[Opening Available records section]

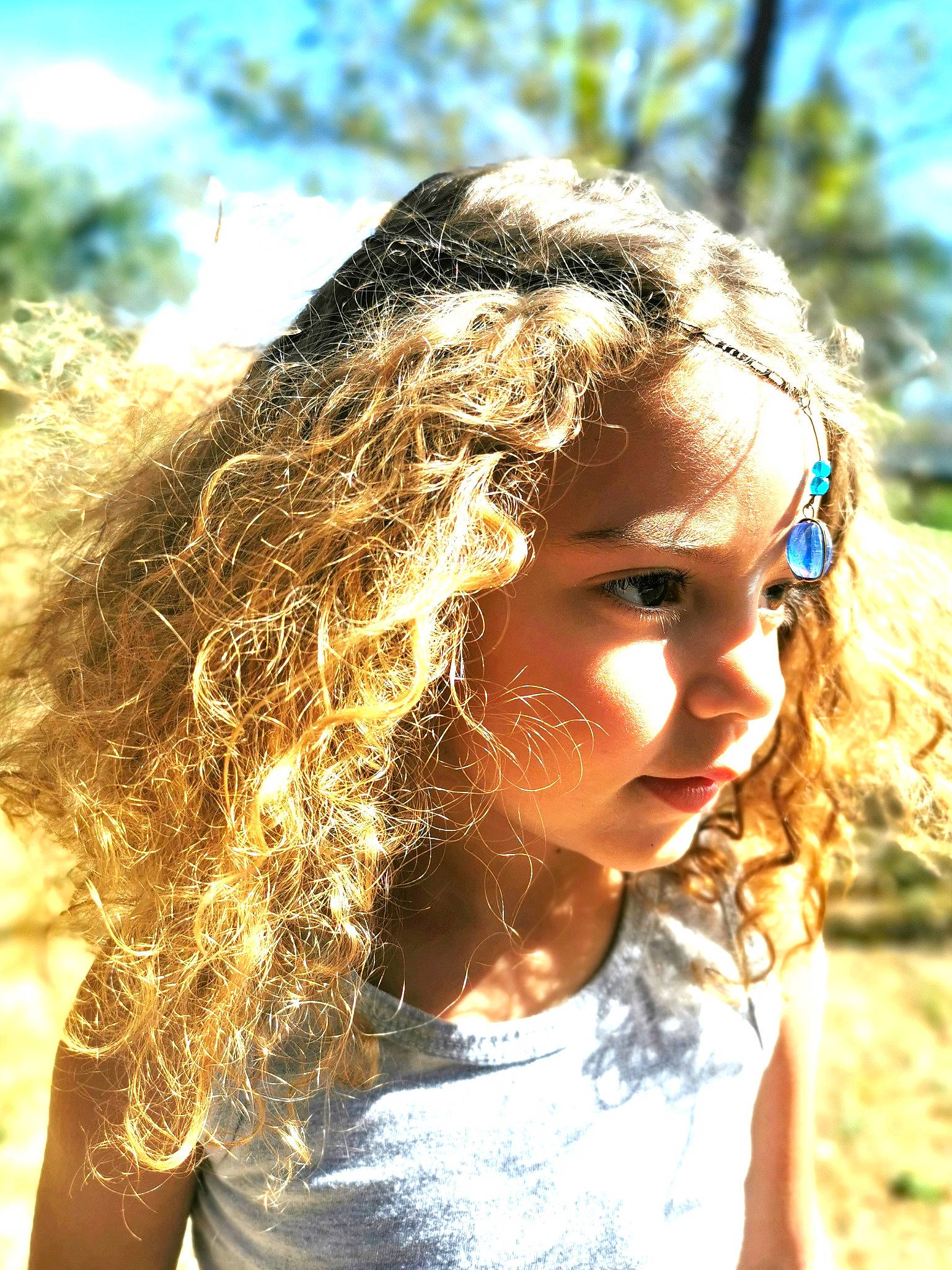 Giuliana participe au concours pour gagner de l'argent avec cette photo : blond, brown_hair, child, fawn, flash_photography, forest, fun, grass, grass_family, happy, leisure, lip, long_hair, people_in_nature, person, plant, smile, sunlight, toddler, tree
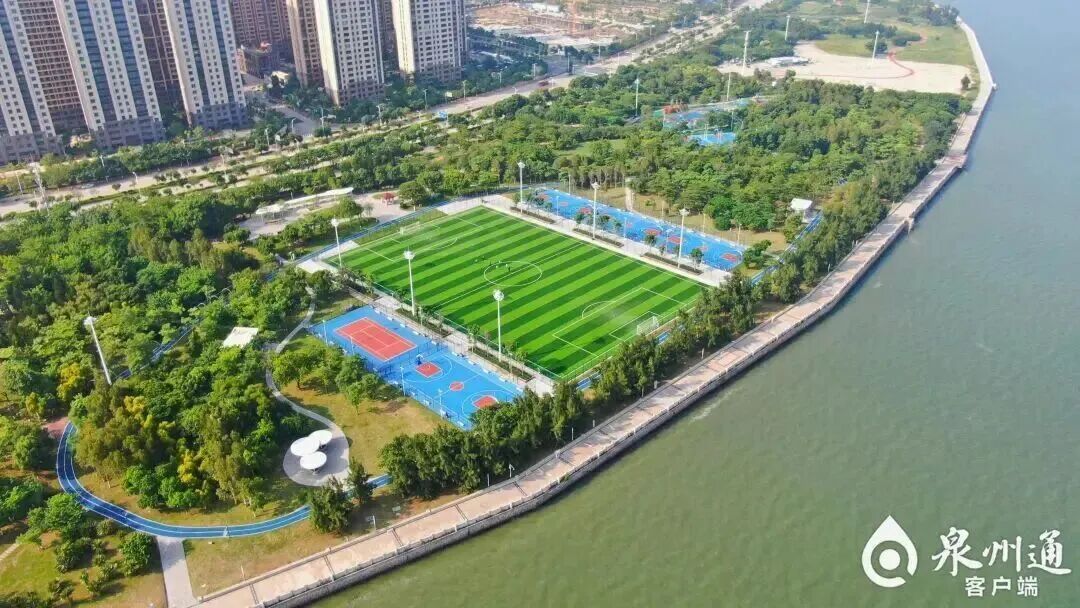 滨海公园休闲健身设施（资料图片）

[Closing Available records section]
[Opening Available records section]

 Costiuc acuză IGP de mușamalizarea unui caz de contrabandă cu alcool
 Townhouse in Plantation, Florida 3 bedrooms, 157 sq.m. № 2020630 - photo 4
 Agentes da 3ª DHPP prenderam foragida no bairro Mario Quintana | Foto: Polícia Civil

[Closing Available records section]

When you reach the line containing "Giuliana participe au" in the entries above, begin restating word for word, and stop once the line containing "滨海公园休闲健身设施（资料图片）" has been given. Omit the pictures.

 Giuliana participe au concours pour gagner de l'argent avec cette photo : blond, brown_hair, child, fawn, flash_photography, forest, fun, grass, grass_family, happy, leisure, lip, long_hair, people_in_nature, person, plant, smile, sunlight, toddler, tree
 滨海公园休闲健身设施（资料图片）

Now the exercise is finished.